A debut novel from Russian-born translator Gessen that skewers the literary and romantic ambitions of three well-educated, tightly wound young men.
This black-comedy-in-stories alternates among three protagonists, Mark, Sam and Keith, who have little contact with one another but who have in common age, bafflement and hunger for literary fame. Mark is a Ph.D. student in Russian history who’s dismayed again and again to find that erudition about the Mensheviks and finely honed skills of historical analogy avail him little—fine, avail him nothing—in sussing out his erotic life. They aren’t much help, either, in getting his dissertation finished.
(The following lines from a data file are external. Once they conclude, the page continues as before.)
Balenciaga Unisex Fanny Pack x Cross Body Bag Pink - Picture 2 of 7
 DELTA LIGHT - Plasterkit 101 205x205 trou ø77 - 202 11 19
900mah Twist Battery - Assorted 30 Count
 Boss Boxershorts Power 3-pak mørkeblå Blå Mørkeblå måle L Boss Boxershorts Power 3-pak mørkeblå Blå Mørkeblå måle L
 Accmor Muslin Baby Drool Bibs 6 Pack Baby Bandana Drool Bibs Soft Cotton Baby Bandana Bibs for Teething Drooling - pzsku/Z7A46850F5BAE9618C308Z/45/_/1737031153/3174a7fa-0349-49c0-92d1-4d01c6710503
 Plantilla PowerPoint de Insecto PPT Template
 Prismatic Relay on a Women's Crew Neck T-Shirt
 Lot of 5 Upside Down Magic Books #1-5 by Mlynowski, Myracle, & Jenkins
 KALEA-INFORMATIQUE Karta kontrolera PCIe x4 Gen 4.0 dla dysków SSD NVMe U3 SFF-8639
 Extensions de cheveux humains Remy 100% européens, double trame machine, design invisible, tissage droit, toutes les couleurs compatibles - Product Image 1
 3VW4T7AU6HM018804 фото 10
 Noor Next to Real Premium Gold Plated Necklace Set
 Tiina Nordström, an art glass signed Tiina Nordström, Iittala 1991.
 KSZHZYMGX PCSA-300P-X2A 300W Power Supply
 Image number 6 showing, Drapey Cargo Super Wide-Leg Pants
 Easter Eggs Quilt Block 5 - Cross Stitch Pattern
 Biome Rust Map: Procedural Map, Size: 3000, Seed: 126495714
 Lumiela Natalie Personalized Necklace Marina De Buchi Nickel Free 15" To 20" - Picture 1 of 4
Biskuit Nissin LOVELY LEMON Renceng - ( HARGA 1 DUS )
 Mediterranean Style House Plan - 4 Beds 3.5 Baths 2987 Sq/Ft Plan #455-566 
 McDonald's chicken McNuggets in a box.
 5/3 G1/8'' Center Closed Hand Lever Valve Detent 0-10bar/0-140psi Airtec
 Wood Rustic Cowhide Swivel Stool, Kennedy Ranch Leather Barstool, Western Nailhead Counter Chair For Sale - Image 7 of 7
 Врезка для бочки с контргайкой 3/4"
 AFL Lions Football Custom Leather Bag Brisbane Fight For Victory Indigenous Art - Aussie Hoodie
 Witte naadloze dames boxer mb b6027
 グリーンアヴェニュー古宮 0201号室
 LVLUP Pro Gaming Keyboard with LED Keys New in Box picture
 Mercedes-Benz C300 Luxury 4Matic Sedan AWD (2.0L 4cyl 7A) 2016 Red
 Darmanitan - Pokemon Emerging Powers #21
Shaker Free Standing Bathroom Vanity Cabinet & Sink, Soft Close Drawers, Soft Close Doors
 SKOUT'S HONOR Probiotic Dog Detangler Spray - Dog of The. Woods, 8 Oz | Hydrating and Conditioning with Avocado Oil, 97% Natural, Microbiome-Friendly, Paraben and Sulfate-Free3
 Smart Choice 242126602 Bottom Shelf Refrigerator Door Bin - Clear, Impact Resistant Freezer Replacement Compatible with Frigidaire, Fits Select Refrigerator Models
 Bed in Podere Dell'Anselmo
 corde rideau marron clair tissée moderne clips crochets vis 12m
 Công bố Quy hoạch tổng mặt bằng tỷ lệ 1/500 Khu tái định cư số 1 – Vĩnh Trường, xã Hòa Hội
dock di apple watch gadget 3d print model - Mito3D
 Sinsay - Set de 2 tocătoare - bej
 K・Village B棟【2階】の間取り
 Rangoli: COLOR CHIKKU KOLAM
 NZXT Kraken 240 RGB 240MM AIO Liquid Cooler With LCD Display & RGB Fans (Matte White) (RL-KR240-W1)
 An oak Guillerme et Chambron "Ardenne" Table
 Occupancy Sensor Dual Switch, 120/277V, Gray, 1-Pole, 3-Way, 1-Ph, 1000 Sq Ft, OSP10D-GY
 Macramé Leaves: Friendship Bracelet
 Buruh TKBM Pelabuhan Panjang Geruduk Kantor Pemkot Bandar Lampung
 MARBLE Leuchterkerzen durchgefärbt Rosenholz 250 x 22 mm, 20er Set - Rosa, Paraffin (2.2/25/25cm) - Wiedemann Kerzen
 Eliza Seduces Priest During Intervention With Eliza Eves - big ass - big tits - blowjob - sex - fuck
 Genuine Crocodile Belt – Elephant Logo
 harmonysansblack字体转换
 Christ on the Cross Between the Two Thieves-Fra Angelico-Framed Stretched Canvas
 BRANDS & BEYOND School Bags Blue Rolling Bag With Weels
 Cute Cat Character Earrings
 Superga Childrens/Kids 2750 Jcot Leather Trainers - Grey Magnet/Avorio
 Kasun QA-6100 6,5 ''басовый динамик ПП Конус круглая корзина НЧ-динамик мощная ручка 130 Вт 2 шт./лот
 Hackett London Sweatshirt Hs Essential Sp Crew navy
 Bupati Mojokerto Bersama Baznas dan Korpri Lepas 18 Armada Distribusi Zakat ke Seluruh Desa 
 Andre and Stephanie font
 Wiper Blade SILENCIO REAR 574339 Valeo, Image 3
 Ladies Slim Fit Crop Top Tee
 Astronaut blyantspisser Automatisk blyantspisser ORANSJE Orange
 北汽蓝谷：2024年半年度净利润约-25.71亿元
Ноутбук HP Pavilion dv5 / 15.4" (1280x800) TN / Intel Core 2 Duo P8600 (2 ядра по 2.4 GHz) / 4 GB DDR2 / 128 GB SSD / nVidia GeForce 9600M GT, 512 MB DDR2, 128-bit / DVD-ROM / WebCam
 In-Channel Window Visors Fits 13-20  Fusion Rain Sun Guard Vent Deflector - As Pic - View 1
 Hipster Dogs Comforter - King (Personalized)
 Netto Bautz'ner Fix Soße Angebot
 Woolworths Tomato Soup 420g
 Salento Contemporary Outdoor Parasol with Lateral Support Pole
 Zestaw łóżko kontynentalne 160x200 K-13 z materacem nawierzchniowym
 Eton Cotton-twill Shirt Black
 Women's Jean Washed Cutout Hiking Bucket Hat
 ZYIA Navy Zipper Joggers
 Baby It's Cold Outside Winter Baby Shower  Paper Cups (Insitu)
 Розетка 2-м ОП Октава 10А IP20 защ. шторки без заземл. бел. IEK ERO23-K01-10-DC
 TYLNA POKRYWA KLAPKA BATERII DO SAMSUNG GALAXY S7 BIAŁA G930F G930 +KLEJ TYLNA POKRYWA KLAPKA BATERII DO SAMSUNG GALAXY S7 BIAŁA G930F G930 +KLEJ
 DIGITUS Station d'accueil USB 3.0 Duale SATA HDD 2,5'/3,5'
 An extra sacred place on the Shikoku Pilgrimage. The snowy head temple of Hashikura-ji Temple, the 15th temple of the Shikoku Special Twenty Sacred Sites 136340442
Meanwhile, Sam gets a contract early in his 20s to produce a “great Zionist epic,” but it quickly runs aground, and he has to pay back the advance. Soon he’s reduced to temp work doing spreadsheets, and to watching his Internet presence (his identity!) tragically dwindle, an index of squandered promise. In one delightful scene, he calls Google and asks if they might “shift the algorithm a little” until he can get back on his feet. When this draws an uncomfortable laugh, Sam waxes indignant: “You couldn’t do anything in this country anymore…without someone thinking you were a creep.” Finally there is Keith, a subtle, earnest cultural critic and Russian immigrant who seems to have much in common with his author (Keith’s sections are presented in the first person). Gessen strikes a marvelous balance between pitilessness and affection toward these young men, and manages the impressive feat of being simultaneously savage and tender.
A fiercely intelligent, darkly funny first novel.